-- Opening Marker --
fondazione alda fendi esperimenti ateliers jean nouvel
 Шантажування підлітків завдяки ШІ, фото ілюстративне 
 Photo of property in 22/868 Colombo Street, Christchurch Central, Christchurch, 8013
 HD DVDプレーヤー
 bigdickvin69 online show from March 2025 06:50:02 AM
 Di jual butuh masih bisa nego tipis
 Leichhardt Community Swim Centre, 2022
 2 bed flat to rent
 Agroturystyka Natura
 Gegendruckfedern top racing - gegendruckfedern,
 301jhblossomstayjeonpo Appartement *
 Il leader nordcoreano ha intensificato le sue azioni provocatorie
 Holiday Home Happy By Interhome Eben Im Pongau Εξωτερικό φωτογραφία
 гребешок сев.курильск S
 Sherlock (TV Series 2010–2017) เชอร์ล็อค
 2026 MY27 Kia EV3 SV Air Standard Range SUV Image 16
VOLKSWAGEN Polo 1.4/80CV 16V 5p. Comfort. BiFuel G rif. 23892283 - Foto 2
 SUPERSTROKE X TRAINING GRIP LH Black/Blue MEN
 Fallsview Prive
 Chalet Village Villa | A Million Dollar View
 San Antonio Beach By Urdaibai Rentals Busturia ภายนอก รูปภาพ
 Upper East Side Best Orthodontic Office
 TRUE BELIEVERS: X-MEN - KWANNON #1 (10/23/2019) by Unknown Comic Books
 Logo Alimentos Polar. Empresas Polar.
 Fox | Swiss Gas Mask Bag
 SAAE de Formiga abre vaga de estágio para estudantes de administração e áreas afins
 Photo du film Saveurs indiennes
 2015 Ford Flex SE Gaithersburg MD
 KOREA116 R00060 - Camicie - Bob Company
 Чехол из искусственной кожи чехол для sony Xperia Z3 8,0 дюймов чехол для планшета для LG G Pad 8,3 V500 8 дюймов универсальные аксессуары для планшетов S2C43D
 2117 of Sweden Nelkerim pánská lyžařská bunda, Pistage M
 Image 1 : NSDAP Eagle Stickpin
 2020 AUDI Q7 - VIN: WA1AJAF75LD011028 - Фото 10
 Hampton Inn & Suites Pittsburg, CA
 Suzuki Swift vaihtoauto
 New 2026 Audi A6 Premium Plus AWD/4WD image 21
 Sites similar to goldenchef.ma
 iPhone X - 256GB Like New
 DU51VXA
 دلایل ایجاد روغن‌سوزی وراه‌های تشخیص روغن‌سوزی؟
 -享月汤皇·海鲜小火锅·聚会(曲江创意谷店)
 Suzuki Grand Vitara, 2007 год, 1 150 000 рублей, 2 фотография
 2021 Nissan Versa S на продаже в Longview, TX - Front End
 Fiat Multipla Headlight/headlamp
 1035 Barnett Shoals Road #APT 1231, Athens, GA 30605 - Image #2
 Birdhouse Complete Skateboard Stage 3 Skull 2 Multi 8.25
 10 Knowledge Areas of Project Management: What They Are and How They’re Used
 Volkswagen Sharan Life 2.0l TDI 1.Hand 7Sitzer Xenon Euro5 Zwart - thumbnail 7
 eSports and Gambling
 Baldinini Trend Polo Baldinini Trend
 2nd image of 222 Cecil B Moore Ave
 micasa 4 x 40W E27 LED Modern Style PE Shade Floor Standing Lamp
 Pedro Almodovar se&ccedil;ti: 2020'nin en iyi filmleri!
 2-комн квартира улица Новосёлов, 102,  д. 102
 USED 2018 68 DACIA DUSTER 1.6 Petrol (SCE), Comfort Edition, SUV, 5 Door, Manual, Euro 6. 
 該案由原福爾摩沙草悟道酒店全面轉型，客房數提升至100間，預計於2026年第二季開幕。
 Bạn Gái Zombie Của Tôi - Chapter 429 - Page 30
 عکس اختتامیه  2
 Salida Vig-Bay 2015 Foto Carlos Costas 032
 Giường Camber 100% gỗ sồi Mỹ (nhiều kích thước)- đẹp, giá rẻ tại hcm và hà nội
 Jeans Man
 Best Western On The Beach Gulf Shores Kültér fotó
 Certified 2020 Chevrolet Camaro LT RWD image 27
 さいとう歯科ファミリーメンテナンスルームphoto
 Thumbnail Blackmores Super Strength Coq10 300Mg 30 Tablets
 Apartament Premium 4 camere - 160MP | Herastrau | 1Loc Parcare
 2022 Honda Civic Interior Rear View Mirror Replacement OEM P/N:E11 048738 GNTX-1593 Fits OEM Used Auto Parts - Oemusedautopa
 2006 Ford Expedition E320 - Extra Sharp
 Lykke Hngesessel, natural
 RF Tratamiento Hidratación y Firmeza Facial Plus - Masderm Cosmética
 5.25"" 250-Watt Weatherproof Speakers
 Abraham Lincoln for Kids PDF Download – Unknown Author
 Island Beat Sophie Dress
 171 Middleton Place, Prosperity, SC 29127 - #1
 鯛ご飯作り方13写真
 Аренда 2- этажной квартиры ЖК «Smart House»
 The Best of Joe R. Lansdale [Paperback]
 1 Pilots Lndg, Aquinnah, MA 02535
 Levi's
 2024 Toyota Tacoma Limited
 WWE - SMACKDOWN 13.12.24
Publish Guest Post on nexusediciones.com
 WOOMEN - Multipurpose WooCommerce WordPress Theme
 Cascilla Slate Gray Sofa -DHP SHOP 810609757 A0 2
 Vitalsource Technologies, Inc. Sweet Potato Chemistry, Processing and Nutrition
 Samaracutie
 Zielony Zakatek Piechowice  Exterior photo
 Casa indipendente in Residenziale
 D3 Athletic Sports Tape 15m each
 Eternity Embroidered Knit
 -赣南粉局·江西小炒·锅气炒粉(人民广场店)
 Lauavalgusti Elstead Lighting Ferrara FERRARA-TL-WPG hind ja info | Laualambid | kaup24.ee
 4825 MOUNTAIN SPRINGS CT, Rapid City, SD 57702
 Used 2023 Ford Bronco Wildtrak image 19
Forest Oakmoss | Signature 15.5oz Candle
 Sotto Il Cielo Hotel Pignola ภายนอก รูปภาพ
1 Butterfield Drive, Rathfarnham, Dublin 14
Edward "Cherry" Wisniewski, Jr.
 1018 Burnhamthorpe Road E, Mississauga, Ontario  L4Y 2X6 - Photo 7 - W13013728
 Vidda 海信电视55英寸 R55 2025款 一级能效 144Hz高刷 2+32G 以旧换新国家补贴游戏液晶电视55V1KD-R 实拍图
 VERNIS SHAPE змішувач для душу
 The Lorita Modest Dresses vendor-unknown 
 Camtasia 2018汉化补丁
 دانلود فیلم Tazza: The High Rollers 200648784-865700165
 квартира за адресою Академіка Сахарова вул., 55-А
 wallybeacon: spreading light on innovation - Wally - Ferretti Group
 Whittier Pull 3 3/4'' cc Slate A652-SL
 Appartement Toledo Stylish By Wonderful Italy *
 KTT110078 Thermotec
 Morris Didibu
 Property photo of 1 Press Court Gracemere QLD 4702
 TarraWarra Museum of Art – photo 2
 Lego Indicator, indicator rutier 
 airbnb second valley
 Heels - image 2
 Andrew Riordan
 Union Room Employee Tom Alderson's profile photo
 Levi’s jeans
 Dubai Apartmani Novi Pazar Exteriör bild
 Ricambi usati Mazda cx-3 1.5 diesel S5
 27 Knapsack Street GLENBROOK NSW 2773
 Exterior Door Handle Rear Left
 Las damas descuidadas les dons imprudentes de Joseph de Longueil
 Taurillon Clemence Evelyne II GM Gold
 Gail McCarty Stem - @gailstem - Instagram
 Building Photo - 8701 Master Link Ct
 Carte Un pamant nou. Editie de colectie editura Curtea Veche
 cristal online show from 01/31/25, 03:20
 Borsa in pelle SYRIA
-- Closing Marker --
— EXERCISE REQUIREMENTS —
Repeat the material exactly. Begin with its first line and end with the line that has "2020 AUDI Q7".

— EXPECTED OUTPUT —
fondazione alda fendi esperimenti ateliers jean nouvel
 Шантажування підлітків завдяки ШІ, фото ілюстративне 
 Photo of property in 22/868 Colombo Street, Christchurch Central, Christchurch, 8013
 HD DVDプレーヤー
 bigdickvin69 online show from March 2025 06:50:02 AM
 Di jual butuh masih bisa nego tipis
 Leichhardt Community Swim Centre, 2022
 2 bed flat to rent
 Agroturystyka Natura
 Gegendruckfedern top racing - gegendruckfedern,
 301jhblossomstayjeonpo Appartement *
 Il leader nordcoreano ha intensificato le sue azioni provocatorie
 Holiday Home Happy By Interhome Eben Im Pongau Εξωτερικό φωτογραφία
 гребешок сев.курильск S
 Sherlock (TV Series 2010–2017) เชอร์ล็อค
 2026 MY27 Kia EV3 SV Air Standard Range SUV Image 16
VOLKSWAGEN Polo 1.4/80CV 16V 5p. Comfort. BiFuel G rif. 23892283 - Foto 2
 SUPERSTROKE X TRAINING GRIP LH Black/Blue MEN
 Fallsview Prive
 Chalet Village Villa | A Million Dollar View
 San Antonio Beach By Urdaibai Rentals Busturia ภายนอก รูปภาพ
 Upper East Side Best Orthodontic Office
 TRUE BELIEVERS: X-MEN - KWANNON #1 (10/23/2019) by Unknown Comic Books
 Logo Alimentos Polar. Empresas Polar.
 Fox | Swiss Gas Mask Bag
 SAAE de Formiga abre vaga de estágio para estudantes de administração e áreas afins
 Photo du film Saveurs indiennes
 2015 Ford Flex SE Gaithersburg MD
 KOREA116 R00060 - Camicie - Bob Company
 Чехол из искусственной кожи чехол для sony Xperia Z3 8,0 дюймов чехол для планшета для LG G Pad 8,3 V500 8 дюймов универсальные аксессуары для планшетов S2C43D
 2117 of Sweden Nelkerim pánská lyžařská bunda, Pistage M
 Image 1 : NSDAP Eagle Stickpin
 2020 AUDI Q7 - VIN: WA1AJAF75LD011028 - Фото 10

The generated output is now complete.